Problem requirements: Reproduce verbatim all of the data given below, but do not carry over the images.

Information provided:
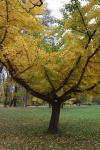 Foto gingko_biloba_horizontalis_h_1781115771.jpg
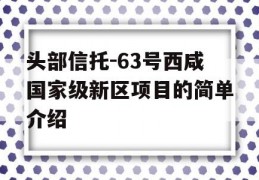 头部信托-63号西咸国家级新区项目的简单介绍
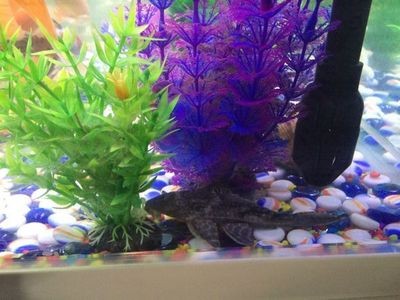 哈爾濱市道外區金魚魚缸漁具商店（哈爾濱做魚缸）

Output of the task:
 Foto gingko_biloba_horizontalis_h_1781115771.jpg
 头部信托-63号西咸国家级新区项目的简单介绍
 哈爾濱市道外區金魚魚缸漁具商店（哈爾濱做魚缸）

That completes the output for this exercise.